Un farmaco utilizzato per trattare l’ipertrofia prostatica, potrebbe rallentare la progressione del morbo di Parkinson. La sorprendente scoperta, pubblicata su
Journal of Clinical Investigation, deriva da una ricerca congiunta cino-americana che ha combinato la biologia molecolare con la scienza dei
big data.
“I farmaci attualmente utilizzati per il morbo di Parkinson – ricorda il
Michael Welsh, professore di medicina interna e direttore del Pappajohn Biomedical Institute presso la University of Iowa - possono solo alleviare alcuni dei sintomi di questa malattia neuro-degenerativa, priva attualmente di trattamenti in grado di arrestarne la progressione. Un problema di non poco conto se si pensa che, con l’invecchiamento della popolazione, anche la prevalenza del Parkinson è destinata ad aumentare. Siamo entusiasti di questo risultato perché riteniamo che abbia le potenzialità di cambiare la vita delle persone affette da questa condizione e forse anche da altre malattie neurodegenerative.”

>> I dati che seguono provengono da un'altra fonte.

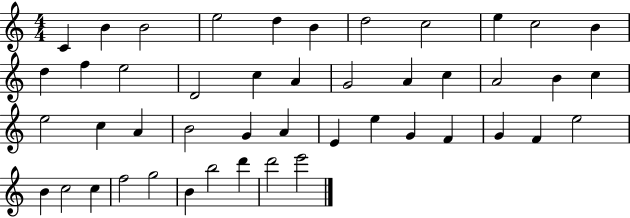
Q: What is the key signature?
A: C major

La ricerca ha preso le mosse dalla scoperta, effettuata dal cinese
Lei Liu (
Capital Medical University, Pechino, Cina) che la terazosina, farmaco comunemente utilizzato nell’ipertrofia prostatica, fosse in grado di arrestare la morte cellulare; quest’attività è mediata dalla capacità che la terazosina ha di attivare l’enzima PGK1, che gioca un ruolo critico nella produzione di energia della cellula.
La ridotta produzione di energia cellulare è ‘il marchio di fabbrica’ del Parkinson, sia per questioni legate all’invecchiamento, sia – nelle forme ereditarie della malattia – per un difetto genetico nei
pathway energetici cellulari; alcune molecole, note per essere una causa di Parkinson, infine danneggiano la capacità dei neuroni di produrre energia .
E allora, si sono detti i ricercatori, perché non testare la possibilità di correggere questo difetto energetico con la terazosina e di vedere se questa molecola sia in grado di rallentare la distruzione dei neuroni?
I risultati delle ricerche effettuate su modelli animali dimostrano che la terazosina è in grado di prevenire la neurodegenerazione se somministrata prima dell’avvio dei processi di morte cellulare; il farmaco è comunque in grado di rallentare o addirittura bloccare i processi neurodegenerativi anche se somministrata a processo avviato.
“Abbiamo testato gli effetti del farmaco su diversi modelli animali – afferma Liu – e tutti sono migliorati, sia per quanto riguarda le alterazioni molecolari cerebrali associate alla morte cellulare, che il coordinamento motorio”.
Ma non è detto naturalmente che un risultato positivo nell’animale si traduca in un successo nell’uomo. La ‘palla’ della ricerca è dunque passata al neurologo e parkinsologo
Nandakumar Narayanan che ha pensato di verificare in un piccolo
data base di pazienti con Parkinson (il Parkinson's
Progression Markers Initiative, PPMI, sponsorizzato dal Michael J. Fox
Foundation for Parkinson's Research), già in terapia con terazosina per ipertrofia prostatica, se il trattamento urologico avesse prodotto benefici anche su questa patologia neurodegenerativa. I risultati dimostrano che i pazienti parkinsoniani in terapia con terazosina presentavano tassi di disabilità motoria ridotti, rispetto ai parkinsoniani in terapia con tamsulosina, altro farmaco contro l’ipertrofia prostatica, che non ha però alcun effetto sull’enzima PGK1.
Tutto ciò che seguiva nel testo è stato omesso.